2. LE PARTI INDÉPENDANT DYNAMISÉ PAR LES CHRÉTIENS-SOCIAUX

Le dynamisme déployé par le Mouvement chrétien-social et la collaboration avec le Courrier de Genève se sont répercutés finalement sur le Parti qui a accepté l'entrée, en son sein, du Groupement social chrétien.

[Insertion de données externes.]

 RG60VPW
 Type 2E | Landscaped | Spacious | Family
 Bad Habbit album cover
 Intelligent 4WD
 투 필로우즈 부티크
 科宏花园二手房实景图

Cette incorporation aura une forte incidence; en effet, le 24 novembre 1925, lors d'une réunion de la Commission exécutive du Parti, les jeunes du Groupement ont revendiqué une réorganisation globale du Parti afin de lui donner une représentation sociale plus ouverte, grâce à ‘"l'aide des organisations chrétiennes-sociales et de toutes les bonnes volontés1006"’. Lors de cette séance, Henri Berra, le fougueux secrétaire de la Fédération genevoise des syndicats chrétiens, s'est emparé du micro pour défendre la grande idée qui lui tient à coeur, et que Leyvraz partage, celle d'une organisation bien cadrée, basée sur l'ordre et l'efficacité : ‘"Nous traversons actuellement une crise et pour la combattre il faut réorganiser les cadres, il faut une élite qui travaille avec compétence et générosité. (...) il faut réunir des jeunes hommes ayant à leur tête un comité directeur qui les dirige, les conseille; ces jeunes hommes seront autant d'agents propagandistes disséminés dans chaque quartier1007."’

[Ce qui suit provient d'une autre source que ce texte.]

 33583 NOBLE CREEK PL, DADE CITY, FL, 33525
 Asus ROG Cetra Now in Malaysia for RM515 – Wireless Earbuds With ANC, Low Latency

L'assemblée générale des électeurs indépendants qui se tient le 25 avril 1926 constitue une étape importante. Il est décidé de modifier le nom du Parti en l'appelant désormais "indépendant et chrétien-social", rajout qui prouve que cette dernière mouvance y est maintenant solidement implantée. Concrètement, comme les jeunes l'avaient souhaité, la réforme s'amorce. Jusqu'alors, la voix prépondérante de la campagne genevoise imprimait au Parti le sceau d'un certain conservatisme, ancré dans le souvenir de ce Kulturkampf qui avait forgé son unité. La nouvelle orientation marque la volonté de recueillir des suffrages dans un plus large éventail que la seule paysannerie; de gagner - contre les socialistes - des voix ouvrières, de permettre aux syndicalistes chrétiens de faire passer leurs idées au niveau politique. Et, aussi, d'inscrire le Parti dans une ligne corporatiste, en réunissant toutes les classes sociales1008. L'adoption d'une nouvelle "Déclaration de Principes" entraîne le Parti dans la direction préconisée par Leyvraz, en affirmant, entre autres : ‘"Nous voulons réaliser un ordre social chrétien. La famille, la profession, l'Eglise et l'Etat en sont les fondements. L'homme se développe et se perpétue au foyer familial. La profession lui donne les ressources matérielles. L'Eglise lui donne la vie spirituelle et morale. L'Etat le protège dans sa personne, sa famille, ses biens matériels, spirituels et moraux. Il veille au libre développement des organes constituant le corps social et sauvegarde l'ordre public1009."’ Sur ces fondements, un programme "corporatiste" (adjectif utilisé plusieurs fois) fixe des objectifs concrets, à moyen et long termes.

Notes
1006.

Françoise EMMENEGGER. Le mouvement chrétien-social à Genève de 1919 à 1936, op. cit., p. 49.

1007.

Ibid.

1008.

Dorénavant les listes électorales du Parti comporteront des représentants, à parts égales, de 3 groupes distincts : agriculteurs, ouvriers et employés, commerçants et professions libérales.

1009.

"Déclarations (sic) de Principes" et "Programme" adoptés par l'Assemblée générale des électeurs indépendants du 25 avril 1926. Archives du parti indépendant chrétien-social, cote 71.11. Ce document aura de multiples échos en Suisse romande, et même en Suisse alémanique.